In civil litigation or regulatory inquiries, parties often must engage in electronic discovery, also known as eDiscovery, which is the process of identifying, preserving, collecting, reviewing, and producing electronically stored information that is potentially relevant in the matter to the requesting party. The goal is to discover (i.e., find) potentially relevant documents to produce, while identifying privileged and other sensitive documents to withhold from opposing counsel.
This part of the process, document review, is the most expensive, time-consuming and error prone activity within eDiscovery. In the past, lawyers reviewed hard copy documents on-by-one. Today, with document volumes often in the hundreds of thousands if not millions of documents per matter, setting eyes on every document is no longer feasible. Modern approaches to eDiscovery document review run the gamut from purely human driven processes such as keyword search followed by linear review, to predominantly AI-driven approaches using various forms of supervised machine learning, including technology-assisted review.
What are modern machine learning approaches to eDiscovery document review?
The objective of machine learning approaches is to minimize human review while maximizing effectiveness. 1 That is, one should look at fewer documents in a collection to find the relevant ones and minimize the costs and wasted efforts of eDiscovery document review.
One of the most efficient approaches to technology-assisted review, also known as TAR, in recent years involves a combined human-machine approach known as continuous active learning (CAL). Back in the early days of TAR, there were debates in the community about how one should seed the TAR process. Among other benefits, TAR reviews based on CAL showed that this question was moot: as long as you start with even a single positive seed document, the continuous learning approach catches up to other approaches that started with more positive seeds, or that were either more or less biased in the nature of the seeds. By 70-80% recall, the review is just as effective no matter the starting point. Continuousness overcomes initial conditions.
A more recent TAR model uses another seeding approach that does not rely on human assessment of the review collection or random sampling, but rather is based on artificial intelligence (AI) methods and derived from documents outside the collection. This flavor of TAR is known as a “portable model” or “reusable model” – aka AI models pre-trained on data from one or more prior matters or related datasets and applied to another. Portable models take a pure AI approach and by reusing human knowledge in the cold start seeding process.
Are portable models, the latest hype in eDiscovery machine learning techniques, worth considering over the continuous active learning technology-assisted review model?
Recognizing risk in portable models
Portable models come with risks and rewards in eDiscovery document review. First, let’s look at the risks–namely, data privacy and security considerations.
As it relates to data protection laws, data collection and reuse is under scrutiny as regulators seek to minimize data collection and maximize privacy and security. As you can imagine, there are rights and obligations around the use of the original data that goes in to training portable models, and there is a strong need to understand (and assess) potential risks when porting those models.

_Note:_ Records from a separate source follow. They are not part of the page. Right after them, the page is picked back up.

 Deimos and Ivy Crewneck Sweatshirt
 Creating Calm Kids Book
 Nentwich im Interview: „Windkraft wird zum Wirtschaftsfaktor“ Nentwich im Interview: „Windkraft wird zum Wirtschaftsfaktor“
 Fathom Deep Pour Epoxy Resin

This is an important issue since cross-border marketplaces for this technology exists today, opening up the potential for data leakage risks.
Here’s what experts have to say on the subject of portable models and data privacy laws:
“Naturally, most companies that invest in building an ML model are looking for a return on their investment…Data protection laws can run counter to these objectives by imposing an array of requirements and restrictions on the processing of various types of data, particularly to the extent they include personal information. The interplay between these competing considerations can lead to interesting results, especially when a number of different parties have a stake in the outcome.” — Brittany Bacon, Tyler Maddry, and Anna Pateraki. 2020. Training a Machine Learning Model Using Customer Proprietary Data: Navigating Key IP and Data Protection Considerations. Pratt’s Privacy and Cybersecurity Law Report 6, 8 (Oct. 2020), 233–244.

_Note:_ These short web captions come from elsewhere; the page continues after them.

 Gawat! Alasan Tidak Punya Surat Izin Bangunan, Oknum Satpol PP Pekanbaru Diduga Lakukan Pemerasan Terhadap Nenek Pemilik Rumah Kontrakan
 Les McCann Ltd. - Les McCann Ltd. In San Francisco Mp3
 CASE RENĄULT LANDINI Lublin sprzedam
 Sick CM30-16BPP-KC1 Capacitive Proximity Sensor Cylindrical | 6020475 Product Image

Further, because datasets can be very large, and possibly come from a range of sources, they can sometimes contain sensitive data (including PII), raising the possibility that model trained using such data could inadvertently expose sensitive information in its output.
A second very important challenge with respect to portable models is the possibility that data will be leaked, or exposed, through a type of attack known as “membership inference attacks.” In such cases, an attacker probes “black box” non-transparent models to uncover or recreate the examples used to train the model. The obvious risk is the potential for models to expose specifics of the data on which they’ve been trained (especially if a model based on training on sensitive or private information was made publicly available). In fact, entire models may even be stolen by membership inference attacks.
Given the risks, of portable models, the question is what are the rewards? Do they have sustained advantages over human-augmented TAR approaches like continuous active learning?
Evaluating risk versus reward
In light of potential dangers of portable models, OpenText lead data scientist Dr. Jeremy Pickens led a peer-reviewed study to explore the questions on risks and rewards of portable models compared with continuous active learning. Do portable models help or are they hype?
In terms of reward, various aspects of portable models were evaluated relative to an appropriate baseline. A traditional review strategy such as linear review is not the appropriate baseline against which to compare portable models. Why not? We already have better ways of doing things. For portable models (or any technology) to show value it needs to improve upon current best approaches, i.e., strong baselines, not just against traditional, inefficient approaches.
One of many possible strong baselines is human effort (e.g., Boolean keyword-based human searching) combined with TAR based on continuous active learning. We therefore set a small number of humans to the task of searching for just a few minutes each and use the documents that they find (approximately 50 for each case tested) as the foundation for the comparisons.
Two claims that have been made at various points in the industry are that: (1) portable models will jump start your review (allow you to start faster), and; (2) this jump start will get you to a high recall target quickly (allow you to finish faster). Thus, the study looks at these two primary questions:
- How many more responsive documents does the portable model find initially, relative to a human searcher baseline?
- How much more quickly does one get to a target recall point (e.g., 80% recall) after having started from a portable model-seeded point, versus from a human searcher-seeded point?
We further note that this study goes one step further. It sets up an evaluation framework in which portable models are given the strongest possible chance to show value by being trained on an “other” collection that is statistically identical to the target collection. Portable models in the wild will rarely be such a perfect fit but seeing how well portable models that were intentionally constructed in this manner is a useful way of studying the upper bound on their effectiveness.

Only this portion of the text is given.